*** Begin section ***

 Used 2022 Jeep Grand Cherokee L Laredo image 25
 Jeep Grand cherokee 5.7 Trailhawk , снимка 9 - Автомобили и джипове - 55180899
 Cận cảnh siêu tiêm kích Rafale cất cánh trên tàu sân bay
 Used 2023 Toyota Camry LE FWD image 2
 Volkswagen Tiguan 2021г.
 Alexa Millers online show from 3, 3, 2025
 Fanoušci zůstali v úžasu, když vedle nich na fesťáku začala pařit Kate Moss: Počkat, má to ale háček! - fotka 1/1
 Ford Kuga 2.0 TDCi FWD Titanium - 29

*** End section ***
*** Begin section ***

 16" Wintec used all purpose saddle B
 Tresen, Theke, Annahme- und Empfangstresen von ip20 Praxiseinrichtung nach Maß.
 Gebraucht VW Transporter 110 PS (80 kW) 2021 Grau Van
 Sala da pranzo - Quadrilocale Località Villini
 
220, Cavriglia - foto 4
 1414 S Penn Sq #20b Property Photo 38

*** End section ***
*** Begin section ***

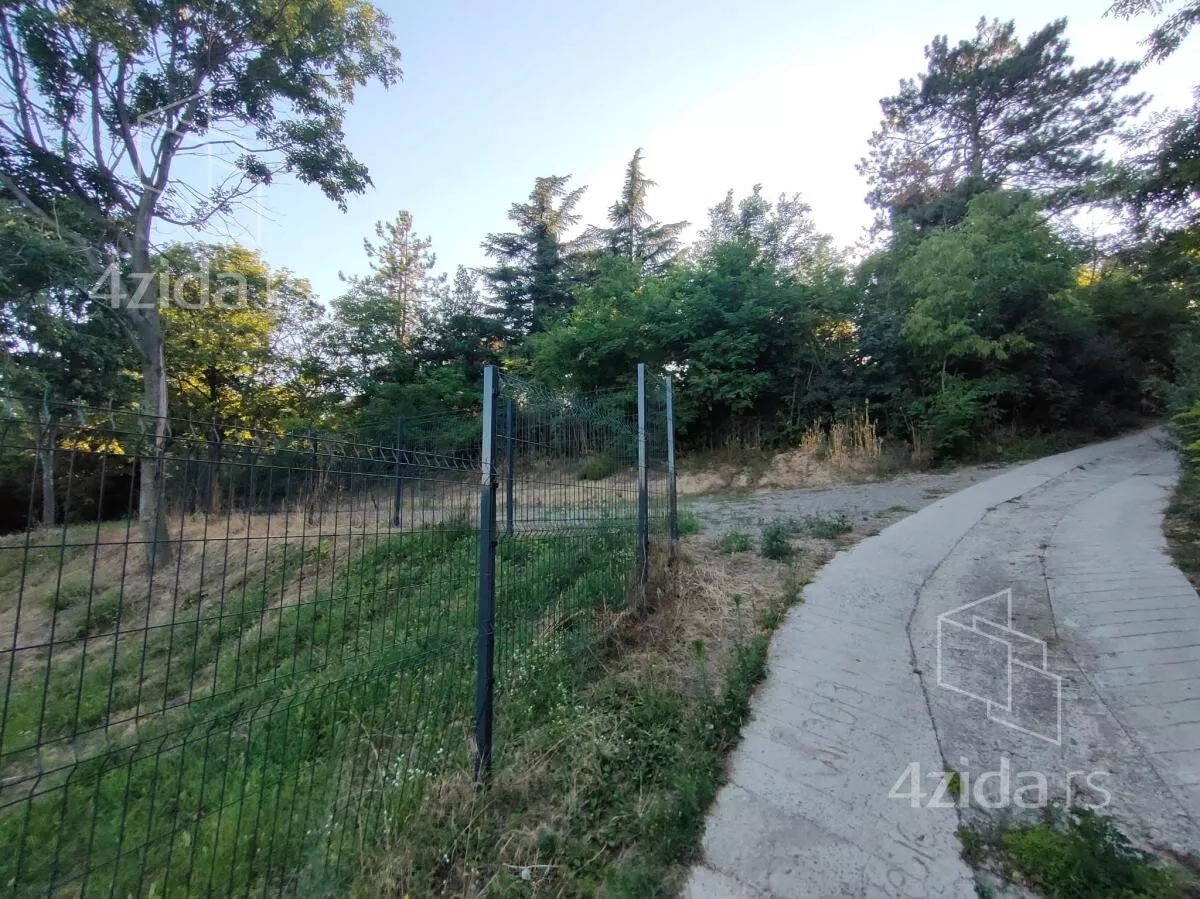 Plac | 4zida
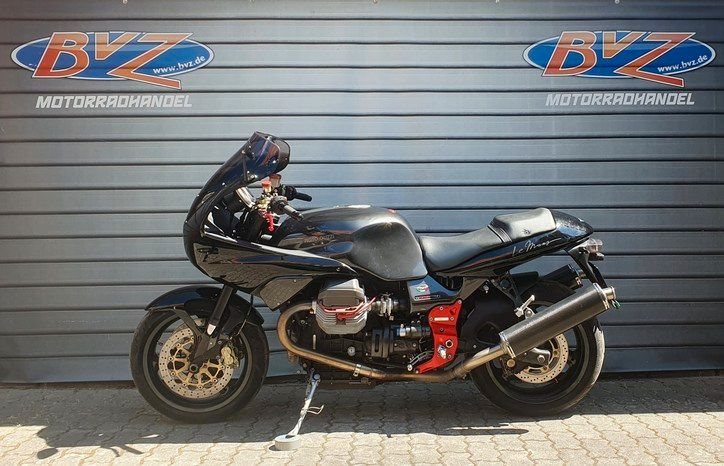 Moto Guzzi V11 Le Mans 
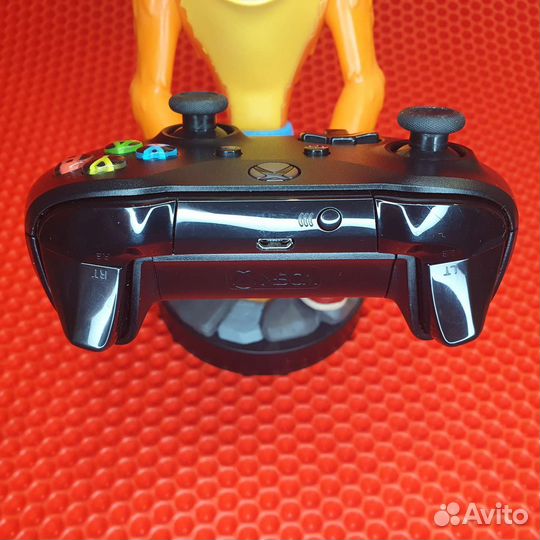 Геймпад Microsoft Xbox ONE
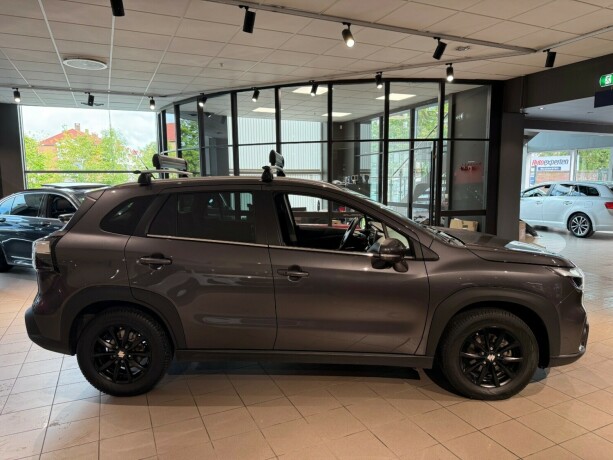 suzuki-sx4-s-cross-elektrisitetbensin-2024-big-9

*** End section ***

• Goal of the exercise
In the data above, which lines lie between the line with "220, Cavriglia - foto 4" and the line with "1414 S Penn Sq #20b Property Photo 38", inclusive? Print those lines exactly and nothing else.

• Finished task
220, Cavriglia - foto 4
 1414 S Penn Sq #20b Property Photo 38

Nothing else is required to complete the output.